** Opening Material provided block **

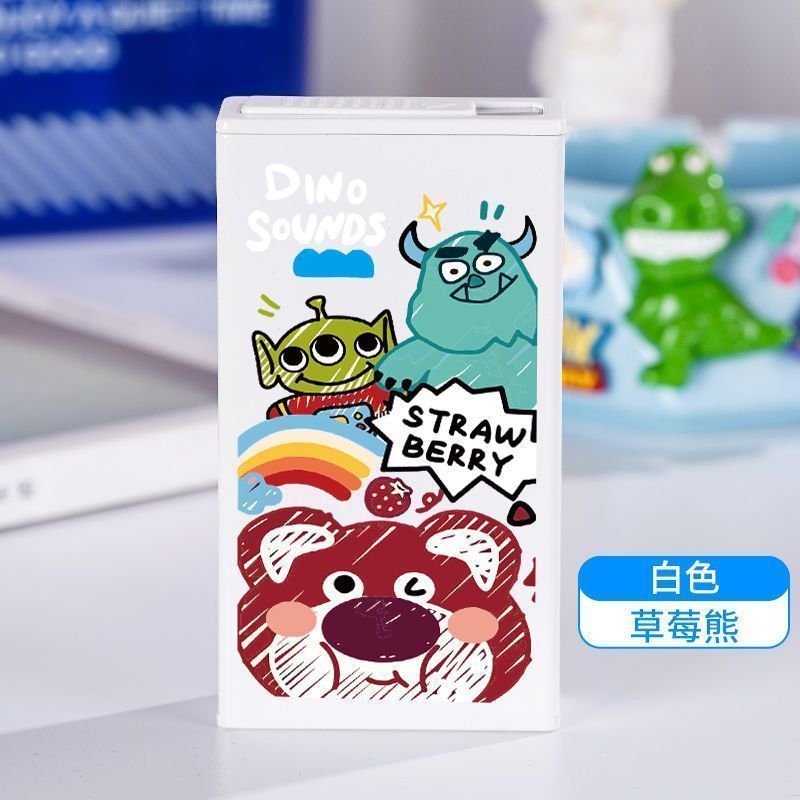 白いイチゴのクマ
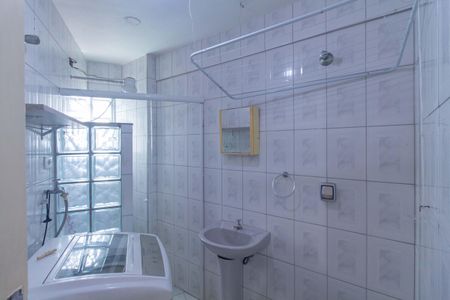 Banheiro e área de serviço de apartamento à venda com 1 quarto, 32m² em Liberdade, São Paulo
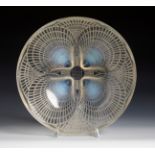 RENÉ LALIQUE (Ay, France, 1860 - Paris, 1945).Coupe "Coquilles 1". France, ca. 1925.Moulded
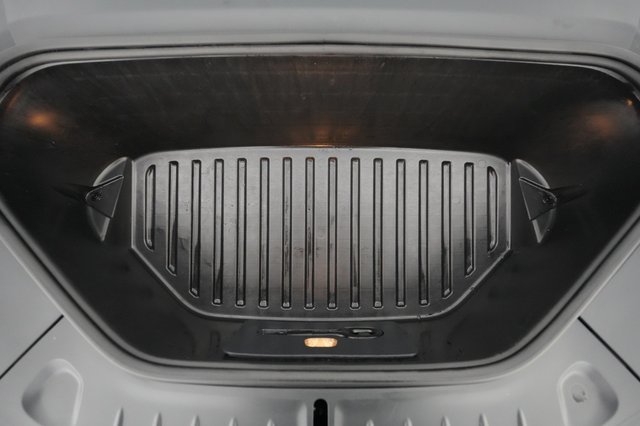 2022 Tesla Model S — photo 22 of 41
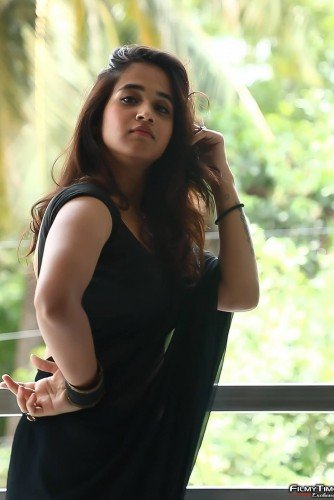 Deepthi-Sunaina-latest-photos-87
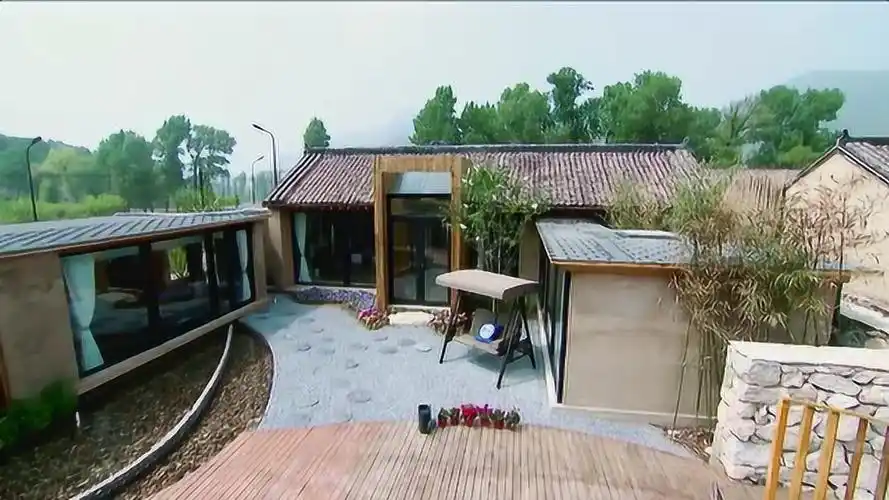 幸福三重奏汪小菲不关电视躺床上大s不满爆粗口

** Closing Material provided block **

• _What you are asked to do_
Pictures excluded, quote all the data above exactly.

• _Exercise answer_
 白いイチゴのクマ
 Banheiro e área de serviço de apartamento à venda com 1 quarto, 32m² em Liberdade, São Paulo
 RENÉ LALIQUE (Ay, France, 1860 - Paris, 1945).Coupe "Coquilles 1". France, ca. 1925.Moulded
 2022 Tesla Model S — photo 22 of 41
 Deepthi-Sunaina-latest-photos-87
 幸福三重奏汪小菲不关电视躺床上大s不满爆粗口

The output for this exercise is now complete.